Research in progress

Money-creating banks and the market price of time (updated draft coming soon) 

Abstract: This paper demonstrates the importance of commercial banks’ creation of money for key macroeconomic outcomes such as real investment, aggregate output and credit. Using a cash-in-advance framework extended to allow for privately issued money, I show that commercial banks’ creation of demand-deposits which thereafter circulate as a medium of exchange can result in a persistently lower real risk-free interest rate---i.e., cheaper credit. The lower real interest rate changes firms’ real investment and hence aggregate output, potentially leading to Pareto inferior equilibria. Moreover, the downward pressure on the price of credit leads to a ”credit hungry” society characterised by high levels of indebtedness and low levels of bank capital. Importantly, this credit channel can operate even without changes to the stock of commercial-bank-created money. Rather, it stems from money-creating banks’ ability to issue more credit, and them finding it profitable to do so at lower interest rates, compared to banks limited to intermediation of existing money units only. While other agents' willingness to hold the privately issued money is key, I show that this in itself provides surprisingly weak limits on the quantity of bank credit. 

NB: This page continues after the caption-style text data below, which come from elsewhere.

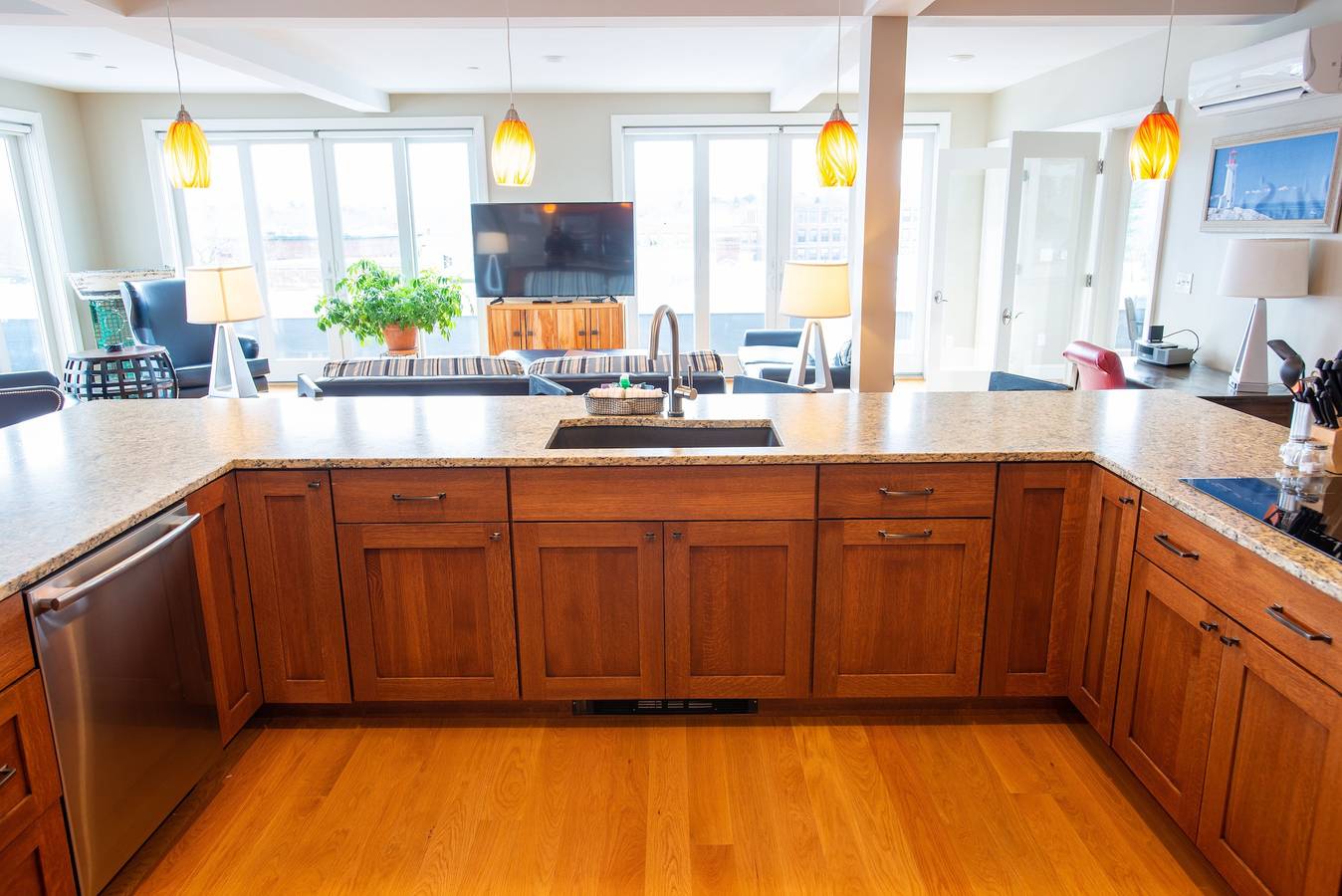 Geheel appartement, 84 Main in Kennebunk (Maine), York County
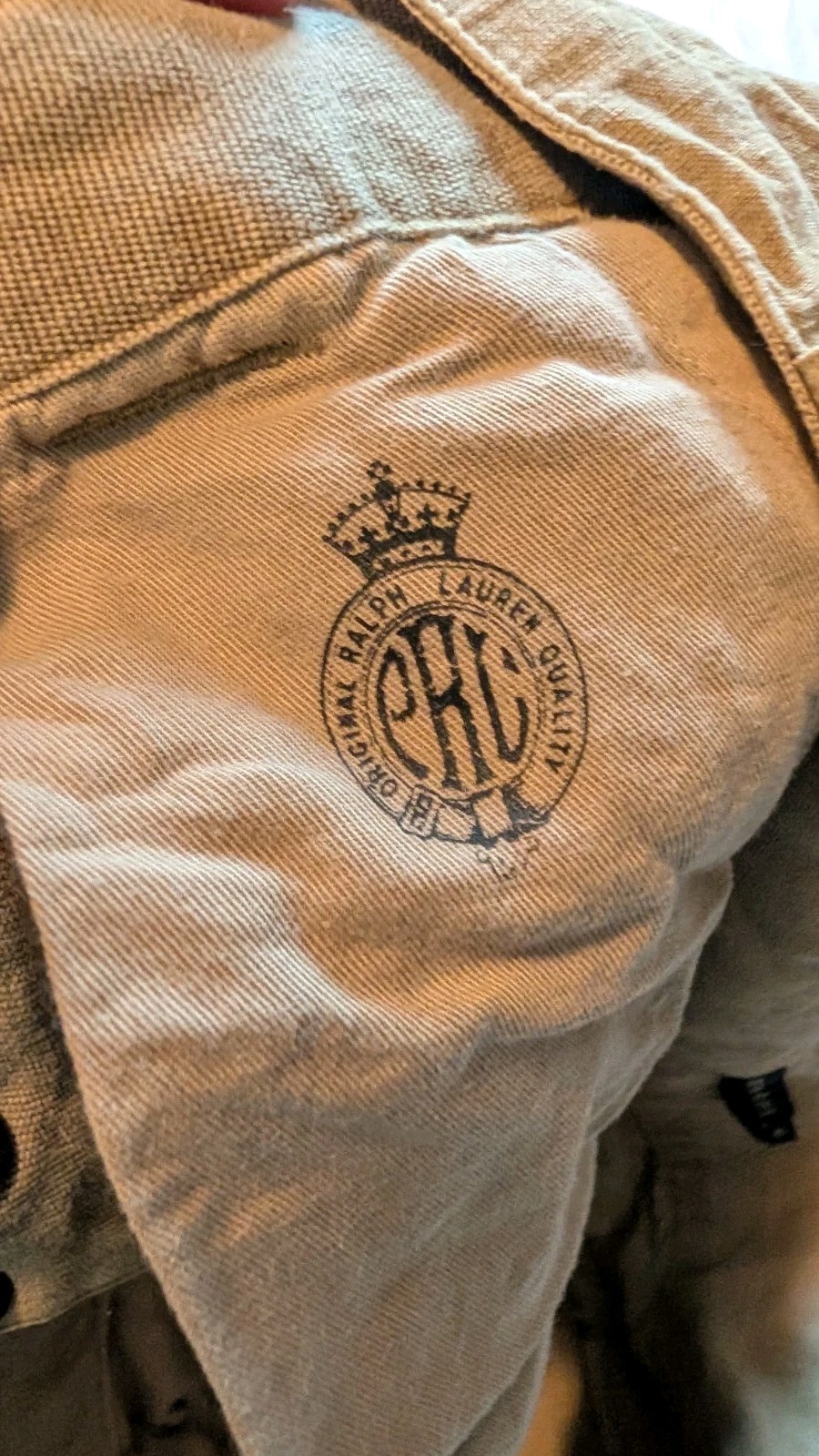 RALPH LAUREN CARGO PANTS LINEN & SILK VINTAGE EC SIZE 6 RARE! image 8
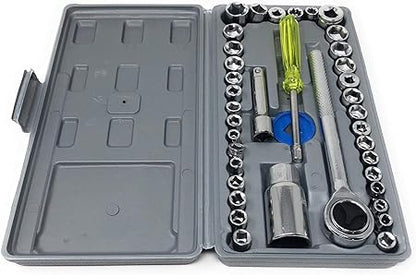 Juego De Herramientas Matraca Con Dados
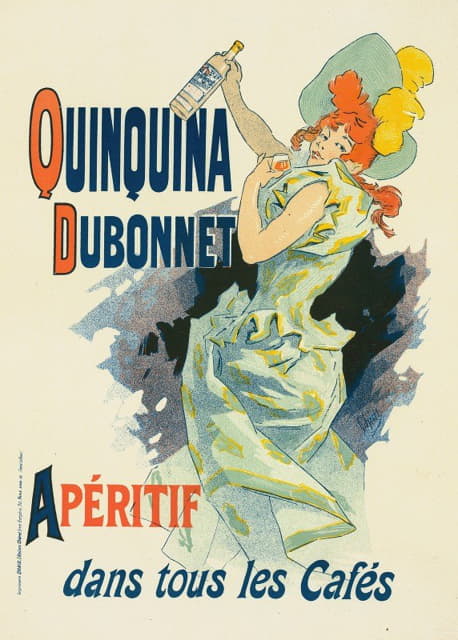 Jules Chéret - Quinquina Dubonnet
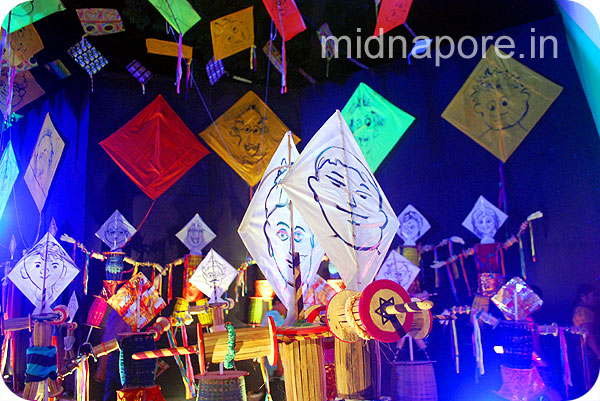 Harir Bazar - Kali Puja 2014 , Tamluk, Purba Medinipur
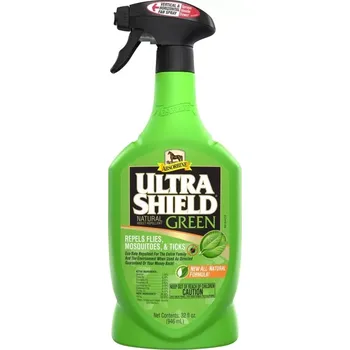 Kosmetika pro koně Absorbine Ultra Shield Green repelent 946ml
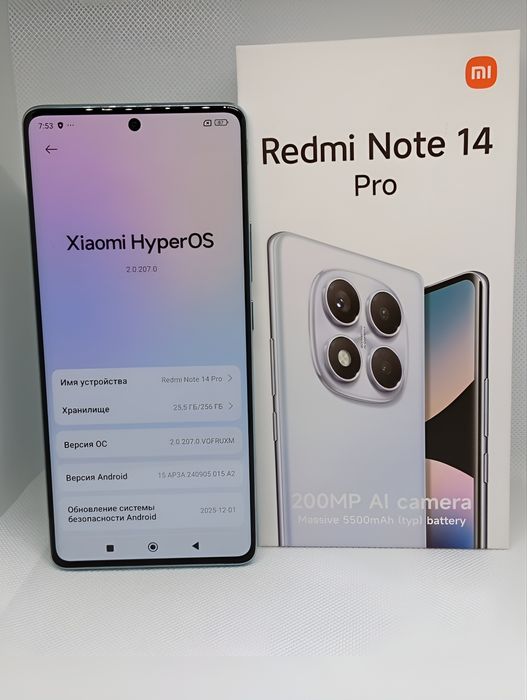 Redmi note 14 Pro в хорошем состоянии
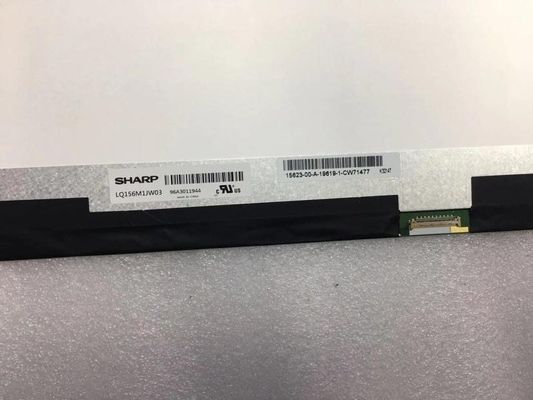 15.6 &quot;LCM 1920 × 1080RGB 300cd / m² LQ156M1JW03 Layar LCD TFT Tajam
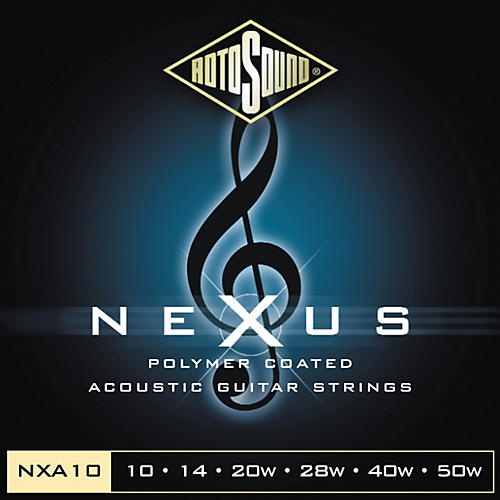 Nexus Polymer Extra Light Coated Acoustic Strings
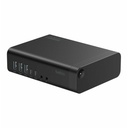 Belkin 16-in-1 Triple Display USB-C Docking Station - 10 Gbps 140W - 5xUSB-A, 3xUSB-C, 2xDP, 3xHDMI, 1x2.5 GbE, 2x3.5mm Audio - 4K - Black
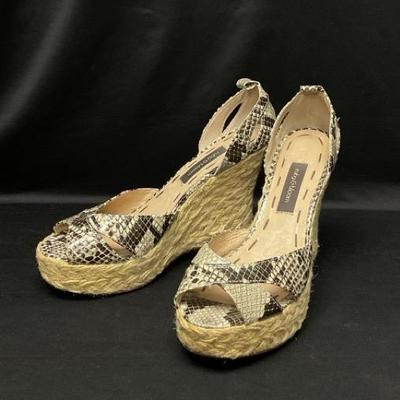 “Ruby & Bloom” Wedge Sandals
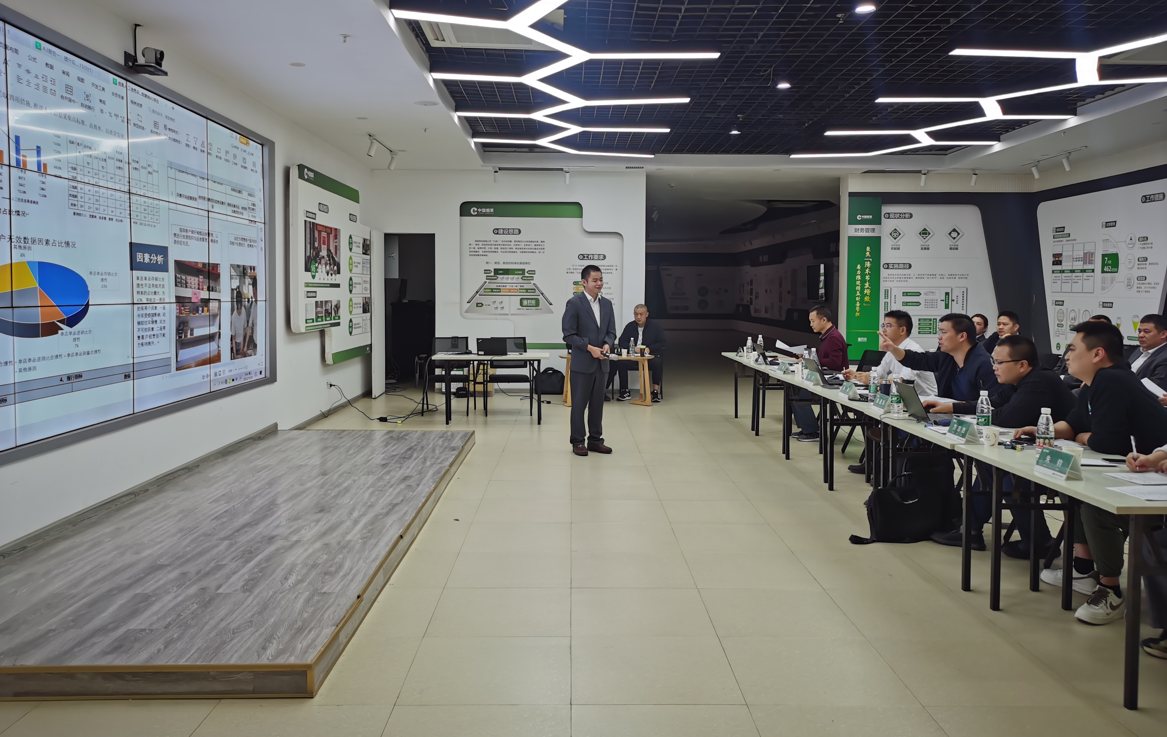 我司協(xié)助煙草企業(yè)開展2022年度QC、精益課題成果評審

Money-creating banks and the effect of monetary policy

~ Awarded research grant by the Royal Swedish Academy of Sciences ~

Abstract: This paper shows that the presence of money-creating commercial banks can change both the magnitude and direction of monetary policy’s impact on key economic variables such as employment and aggregate output. Commercial banks’ creation of money effectively acts as endogenously created, long-run price stickiness due to its downward pressure on the nominal interest rate, which in turn makes this nominal rate unable to adjust in accordance with the inflation rate. Consequently, the presence of money-creating commercial banks can transform the steady-state real interest rate from being exclusively determined by agents’ rate of time preference to being influenced by the constant growth rate of the stock of central bank money. This gives central banks a more persistent and powerful role in influencing real interest rates than hitherto acknowledged.

Connectedness to money inflow and the structure of production

Abstract: I develop a network model of production and show that the size of a given sector is influenced by how close this sector is to the source of money inflow, where distance is measured in number of transactions from the sector into which the newly created money is initially injected. That is, some sectors can become ”artificially large”—in terms of input into and output from—due to their closeness to the source of money inflow. This holds even when prices are perfectly flexible and all agents are perfectly informed on current and future changes in the money supply, including their source. Examples of sectors typically close to the source of money inflow are financial markets and the housing market.